# Band of Brothers



## LeadFarmer (Feb 23, 2011)

Begins Sunday 9pm TCM channel.

Brilliant series.


----------



## PugIain (Jun 28, 2006)

It is good indeed. I watched it the very first time round. And I have the dvd box set.


----------



## farley2708 (Apr 19, 2011)

same as PugIan..............have the box set.................but will watch it again


----------



## silverback (Jun 18, 2008)

absolutely brilliant series.i didnt fall in love with "the pacific" the same way i did with BOB though.there is just something incredible about BOB.


----------



## ardenvxr (May 22, 2013)

epic love the box set to this day


----------



## rhyst (Feb 17, 2013)

Best boxset ever


----------



## Dannbodge (Sep 26, 2010)

Remember watching this when it was originally on. Fantastic series and well worth a watch


----------



## Melkor (Aug 16, 2012)

A brilliant series
Also pacific was good too


----------



## farley2708 (Apr 19, 2011)

Melkor said:


> A brilliant series
> Also pacific was good too


Pacific was good but not on the same level as the orignal 'band of brothers' i see it "pacific" is on SKY MOVIES GREATS everynight @ 9pm................set to record


----------



## allgearnoidea (May 9, 2013)

I watched it first time round and bought the box set as soon as it came out because it truly is amazing. Dug it out again when I got my surround sound as it is brilliant in surround sound as you can probably imagine.


----------



## Ross (Apr 25, 2007)

I know what you mean,Pacific was good but had nothing on Band on Brothers.


----------



## ITSonlyREECE (Jun 10, 2012)

I've got the box set too just started watching it again the other night. 

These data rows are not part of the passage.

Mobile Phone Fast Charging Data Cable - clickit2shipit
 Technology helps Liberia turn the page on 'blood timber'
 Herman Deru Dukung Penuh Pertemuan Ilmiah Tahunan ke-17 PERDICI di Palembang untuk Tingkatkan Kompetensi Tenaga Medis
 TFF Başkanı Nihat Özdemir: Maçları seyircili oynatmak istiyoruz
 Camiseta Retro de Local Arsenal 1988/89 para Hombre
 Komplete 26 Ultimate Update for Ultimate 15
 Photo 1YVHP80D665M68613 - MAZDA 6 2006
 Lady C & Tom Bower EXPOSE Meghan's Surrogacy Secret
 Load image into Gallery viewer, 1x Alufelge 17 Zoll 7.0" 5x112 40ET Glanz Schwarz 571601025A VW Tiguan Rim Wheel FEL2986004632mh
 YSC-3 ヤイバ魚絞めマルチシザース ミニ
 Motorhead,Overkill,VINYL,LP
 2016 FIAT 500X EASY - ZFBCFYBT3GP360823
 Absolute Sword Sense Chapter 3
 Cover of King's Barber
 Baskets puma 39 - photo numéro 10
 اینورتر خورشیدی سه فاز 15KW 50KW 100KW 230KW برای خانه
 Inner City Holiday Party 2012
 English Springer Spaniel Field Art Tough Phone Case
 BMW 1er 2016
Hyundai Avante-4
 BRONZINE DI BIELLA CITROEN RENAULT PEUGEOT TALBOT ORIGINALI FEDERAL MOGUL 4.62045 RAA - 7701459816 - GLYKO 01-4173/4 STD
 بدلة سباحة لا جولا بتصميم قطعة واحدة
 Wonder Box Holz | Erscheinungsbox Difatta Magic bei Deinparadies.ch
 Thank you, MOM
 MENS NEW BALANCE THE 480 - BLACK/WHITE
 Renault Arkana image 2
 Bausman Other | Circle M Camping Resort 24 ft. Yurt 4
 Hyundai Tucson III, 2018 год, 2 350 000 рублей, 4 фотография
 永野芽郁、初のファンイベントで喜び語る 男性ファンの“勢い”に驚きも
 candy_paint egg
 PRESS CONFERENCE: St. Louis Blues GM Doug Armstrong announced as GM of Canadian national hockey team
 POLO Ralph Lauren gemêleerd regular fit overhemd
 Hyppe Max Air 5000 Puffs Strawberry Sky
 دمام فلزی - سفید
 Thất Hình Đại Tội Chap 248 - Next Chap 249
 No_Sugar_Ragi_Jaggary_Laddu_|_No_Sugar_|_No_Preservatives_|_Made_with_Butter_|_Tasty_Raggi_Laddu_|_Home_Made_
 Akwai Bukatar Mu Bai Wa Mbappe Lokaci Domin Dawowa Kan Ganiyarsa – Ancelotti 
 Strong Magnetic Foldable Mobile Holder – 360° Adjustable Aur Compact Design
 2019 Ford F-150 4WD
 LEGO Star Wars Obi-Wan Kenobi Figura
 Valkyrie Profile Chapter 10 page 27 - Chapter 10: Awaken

I can remember watching it the first time around and feeling my eyes watering up right at the very end of the last episode when Richard Winters says this; "I cherish the memories of a question my grandson asked me the other day when he said, 'Grandpa, were you a hero in the war?' Grandpa said 'No... but I served in a company of heroes.'"


----------



## farley2708 (Apr 19, 2011)

ITSonlyREECE said:


> I've got the box set too just started watching it again the other night.
> 
> I can remember watching it the first time around and feeling my eyes watering up right at the very end of the last episode when Richard Winters says this; "I cherish the memories of a question my grandson asked me the other day when he said, 'Grandpa, were you a hero in the war?' Grandpa said 'No... but I served in a company of heroes.'"


me aswell mate


----------



## veeduby (Feb 1, 2006)

It's an amazing series, is so well made.
And with some of the surviving heroes on there really made it special.


----------



## asspur96 (Jan 24, 2014)

Watch it on BBC2 first time got box set and also read the books as well as all Stephen Ambrose s other books on WW2


----------



## mike41 (Apr 5, 2011)

Got the box sets of both,found Pacific hard to get into in the first few episodes,but stuck with it and did quite enjoy it in the end. Not a patch on Band of Brothers though.
Mike


----------



## Johnsy (Oct 20, 2013)

Great boxset,every time I watch it I see more and more British actors with yank accents

Simon peg
Tom hardy 
Etc


----------